_WHAT YOU WILL DO:_ Please state how many lines below include the word "Pool"; the reply should be the number only.

_INPUT:_
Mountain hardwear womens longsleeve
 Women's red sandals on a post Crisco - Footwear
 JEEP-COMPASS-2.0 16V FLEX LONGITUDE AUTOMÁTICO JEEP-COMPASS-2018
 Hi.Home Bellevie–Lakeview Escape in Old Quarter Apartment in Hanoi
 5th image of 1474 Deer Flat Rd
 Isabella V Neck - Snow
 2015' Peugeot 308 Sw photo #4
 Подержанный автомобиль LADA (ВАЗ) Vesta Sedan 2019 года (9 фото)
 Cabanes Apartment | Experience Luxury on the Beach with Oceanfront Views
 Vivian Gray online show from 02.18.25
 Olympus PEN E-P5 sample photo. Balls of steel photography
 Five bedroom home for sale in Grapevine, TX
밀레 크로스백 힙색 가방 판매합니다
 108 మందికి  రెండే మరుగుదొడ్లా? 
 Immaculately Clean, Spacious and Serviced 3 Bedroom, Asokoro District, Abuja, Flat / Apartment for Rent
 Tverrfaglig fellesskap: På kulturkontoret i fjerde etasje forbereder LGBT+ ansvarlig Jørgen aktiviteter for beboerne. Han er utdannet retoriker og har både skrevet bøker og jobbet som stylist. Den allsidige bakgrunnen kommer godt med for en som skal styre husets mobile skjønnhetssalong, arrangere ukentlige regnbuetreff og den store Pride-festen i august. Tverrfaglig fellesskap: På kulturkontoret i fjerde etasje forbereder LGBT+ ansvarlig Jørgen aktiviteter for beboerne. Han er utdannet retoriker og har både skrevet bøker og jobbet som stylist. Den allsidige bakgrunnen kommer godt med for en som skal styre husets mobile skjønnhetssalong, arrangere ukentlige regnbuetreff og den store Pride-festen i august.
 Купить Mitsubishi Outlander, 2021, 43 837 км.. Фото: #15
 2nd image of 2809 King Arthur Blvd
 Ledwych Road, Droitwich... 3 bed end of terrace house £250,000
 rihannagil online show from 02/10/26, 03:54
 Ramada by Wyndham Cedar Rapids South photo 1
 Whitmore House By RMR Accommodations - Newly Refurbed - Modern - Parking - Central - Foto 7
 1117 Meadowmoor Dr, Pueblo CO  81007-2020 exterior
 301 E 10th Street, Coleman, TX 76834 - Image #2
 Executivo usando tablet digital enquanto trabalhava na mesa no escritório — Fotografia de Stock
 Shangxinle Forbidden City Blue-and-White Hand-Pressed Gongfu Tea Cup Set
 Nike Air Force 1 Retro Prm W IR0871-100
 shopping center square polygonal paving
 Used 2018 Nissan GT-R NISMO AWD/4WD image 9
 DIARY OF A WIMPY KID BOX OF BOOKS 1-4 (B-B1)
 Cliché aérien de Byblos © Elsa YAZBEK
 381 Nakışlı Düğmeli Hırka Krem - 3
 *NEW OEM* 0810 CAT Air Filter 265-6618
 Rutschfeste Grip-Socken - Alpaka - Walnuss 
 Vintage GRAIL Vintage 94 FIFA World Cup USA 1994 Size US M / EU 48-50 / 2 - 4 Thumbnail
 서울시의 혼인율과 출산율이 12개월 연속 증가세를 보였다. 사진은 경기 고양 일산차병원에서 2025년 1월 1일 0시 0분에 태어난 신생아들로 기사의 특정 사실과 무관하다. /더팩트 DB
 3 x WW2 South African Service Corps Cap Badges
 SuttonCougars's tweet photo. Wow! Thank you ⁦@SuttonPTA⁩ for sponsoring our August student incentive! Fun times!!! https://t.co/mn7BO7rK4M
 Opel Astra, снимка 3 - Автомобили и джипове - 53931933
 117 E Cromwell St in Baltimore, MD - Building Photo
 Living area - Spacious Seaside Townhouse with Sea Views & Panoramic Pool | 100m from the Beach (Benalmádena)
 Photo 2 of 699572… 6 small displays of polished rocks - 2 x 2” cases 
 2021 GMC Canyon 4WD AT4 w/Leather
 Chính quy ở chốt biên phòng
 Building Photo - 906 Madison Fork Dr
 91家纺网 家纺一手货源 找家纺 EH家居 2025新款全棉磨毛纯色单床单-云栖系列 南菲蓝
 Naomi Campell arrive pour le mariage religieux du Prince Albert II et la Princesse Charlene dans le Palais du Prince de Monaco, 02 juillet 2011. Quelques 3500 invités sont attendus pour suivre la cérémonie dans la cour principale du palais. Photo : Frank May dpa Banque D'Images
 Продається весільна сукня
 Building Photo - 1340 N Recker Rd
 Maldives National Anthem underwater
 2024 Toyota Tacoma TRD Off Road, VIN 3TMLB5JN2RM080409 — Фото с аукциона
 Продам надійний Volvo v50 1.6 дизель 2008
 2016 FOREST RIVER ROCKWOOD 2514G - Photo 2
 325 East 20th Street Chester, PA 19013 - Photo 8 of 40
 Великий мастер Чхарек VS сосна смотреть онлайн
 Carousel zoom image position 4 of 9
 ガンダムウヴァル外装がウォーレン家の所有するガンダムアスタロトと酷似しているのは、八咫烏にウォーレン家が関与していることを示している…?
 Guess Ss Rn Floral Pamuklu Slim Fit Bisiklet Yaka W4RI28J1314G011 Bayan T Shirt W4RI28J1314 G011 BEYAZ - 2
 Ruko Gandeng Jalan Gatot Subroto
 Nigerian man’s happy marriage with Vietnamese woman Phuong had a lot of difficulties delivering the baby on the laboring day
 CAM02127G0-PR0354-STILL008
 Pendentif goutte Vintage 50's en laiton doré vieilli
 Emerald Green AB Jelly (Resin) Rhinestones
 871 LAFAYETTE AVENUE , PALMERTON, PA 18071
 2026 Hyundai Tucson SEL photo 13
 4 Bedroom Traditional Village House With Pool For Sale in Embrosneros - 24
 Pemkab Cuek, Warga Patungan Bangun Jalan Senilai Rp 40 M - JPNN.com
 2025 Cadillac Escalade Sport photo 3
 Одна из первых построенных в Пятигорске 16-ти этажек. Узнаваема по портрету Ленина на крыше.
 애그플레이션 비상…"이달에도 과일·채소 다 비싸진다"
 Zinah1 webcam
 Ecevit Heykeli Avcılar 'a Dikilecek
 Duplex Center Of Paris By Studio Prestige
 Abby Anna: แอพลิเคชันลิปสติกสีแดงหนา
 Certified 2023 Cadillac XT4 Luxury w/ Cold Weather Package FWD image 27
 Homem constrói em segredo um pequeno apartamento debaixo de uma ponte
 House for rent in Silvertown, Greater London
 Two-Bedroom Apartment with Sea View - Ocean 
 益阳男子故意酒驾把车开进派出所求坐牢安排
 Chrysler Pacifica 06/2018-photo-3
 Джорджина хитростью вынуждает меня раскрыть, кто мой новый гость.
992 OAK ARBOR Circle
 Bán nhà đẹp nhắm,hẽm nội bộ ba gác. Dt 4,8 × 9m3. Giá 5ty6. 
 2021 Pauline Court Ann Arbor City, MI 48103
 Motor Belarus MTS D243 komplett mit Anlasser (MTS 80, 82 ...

_OUTPUT BELOW:_ 2